UK citizens: it’s time to fight for your rights

Sometimes, you have to go to court to protect the environment.

There are a lot of competing interests at play and sometimes nature, despite its vital role in keeping us alive and well, gets shoved to the bottom of the list. It needs an advocate. That’s why organisations like ClientEarth exist.

But to be able to step up for nature, health and climate, those advocates need to be able to get in front of a judge – with the guarantee that a successful case can create concrete change.

We have that right currently – but in the UK, it’s in danger.

How do you defend the planet in court?

In the UK, there’s a way to raise the alarm when a decision by public authorities puts people and the environment in harm’s way and looks to have been made unlawfully. It’s called judicial review. In a very literal sense, you are asking a judge to look at a decision that’s been made, and decide if it’s been made legitimately.

We’ve used judicial review to win cases to protect children’s lungs from illegally dirty air.

Judicial review can change the course of history. It’s vital for democracy. But currently, it’s in line to be reworked. The risk is that people and organisations who need to protect the environment will end up locked out of court.

Doesn’t the government always do the right thing?

Nobody is infallible. Public bodies and the government will sometimes misstep. If and when that happens, there needs to be a way to challenge those decisions.

Judicial review has been used for anything from concretising Gurkhas’ legal right to settle in the UK, to quashing fees for employees who need to take cases to employment tribunals.

On the environmental front, there are some standout examples.
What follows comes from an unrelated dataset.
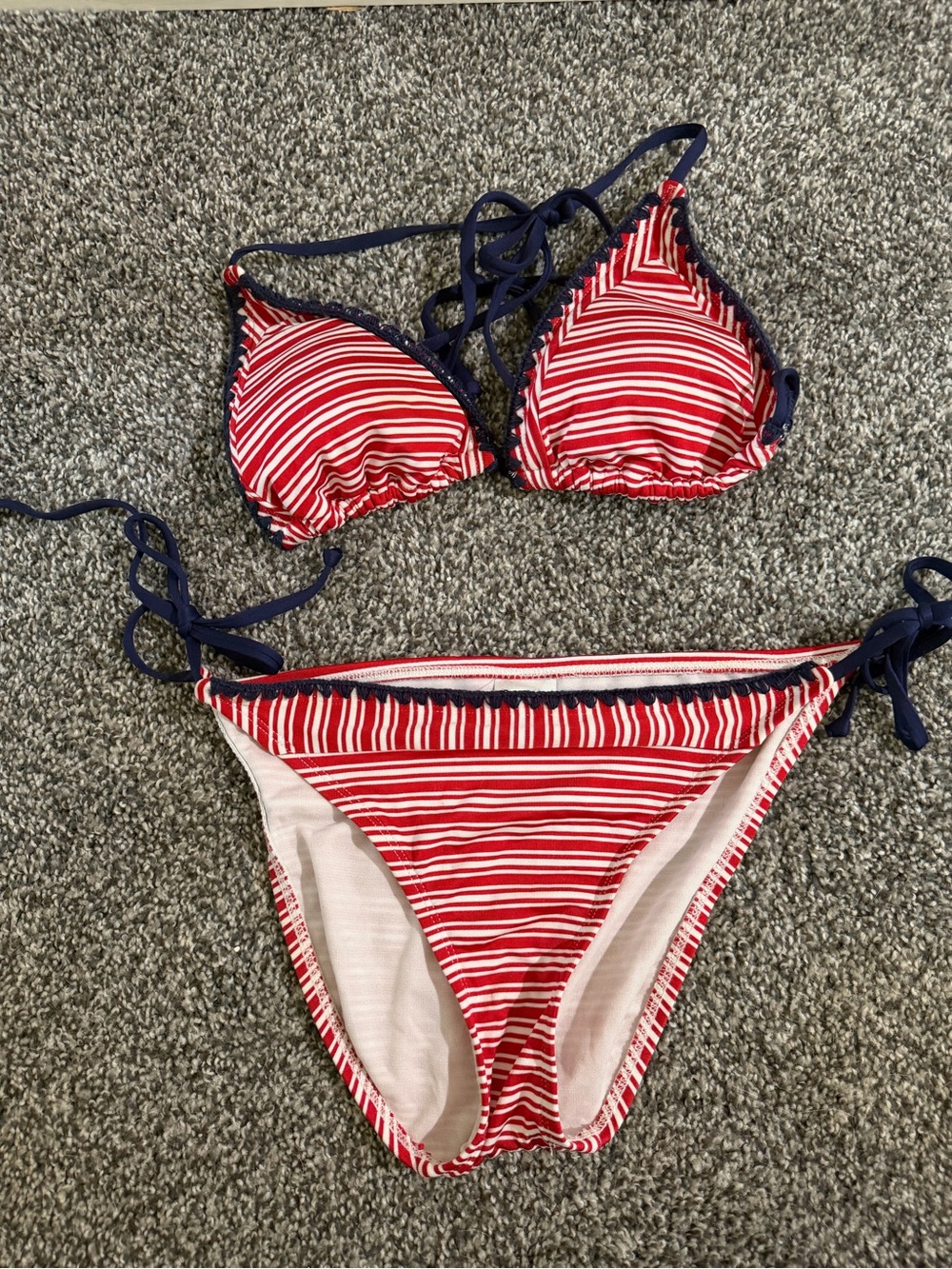 Moschino Red and White Striped Bikini with Navy Trim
Legal limits for air pollution came into force over a decade ago, but the UK Government was failing to meet them. They claimed that the cost of cleaning up illegally dirty air was ‘disproportionate’. We won case after case in court to defend people’s right to clean air, using judicial review.

This legal tool was also the basis for our challenge against a development at Drax, which was set to be Europe’s biggest fossil gas plant, just as the world struggles to slash its use of fossil fuels.

Judicial review can be central to reversing major planning missteps, when councils wave through destructive developments that clearly go against the law. In Devon, a holiday caravan park was mistakenly approved for construction on an Area of Outstanding Natural Beauty – the decision was revoked after successful judicial review.

Most recently, the UK’s continued, gargantuan spend on oil and gas in the wake of the Paris Agreement, has become the subject of a judicial review.

It is difficult to overstate how important it is that this legal avenue remains available to citizens of the UK.

Does judicial review really need reviewing?

The ability to challenge in court decisions by our leaders has been upholding justice for around 400 years. And the judicial review process we know today has been around for decades.

The government has so far asked experts for their opinion on how well judicial review works, and presented a report wrapping these views together.

The trouble is that what the government has said about the report seems to go a fair amount further than the evidence and recommendations of its own handpicked panel. Other experts in the law have not hesitated to raise the alarm about the government’s approach, saying it could “neuter” environmental groups seeking to hold the government to account.

We’re concerned that the government has a plan for judicial review that would mean that certain crucial claims could never even get to court.

Another possibility being considered is limiting remedies – restricting what the court can do to help right a wrong. If this happens, even if you won a case and showed that the original decision was unlawful, the court would not be able to strike down that decision. This makes your case ineffective in practice– this is not justice for you or the environment.

The government acknowledges this unfairness but has made these proposals nonetheless.

It’s never been so important that we’re all empowered to protect the environment. That’s why we’re fighting to protect judicial review, not weaken this vital part of our democracy.

We’ll be doing our utmost to protect all of our right to go to court and obtain justice when our health and our environment are at stake.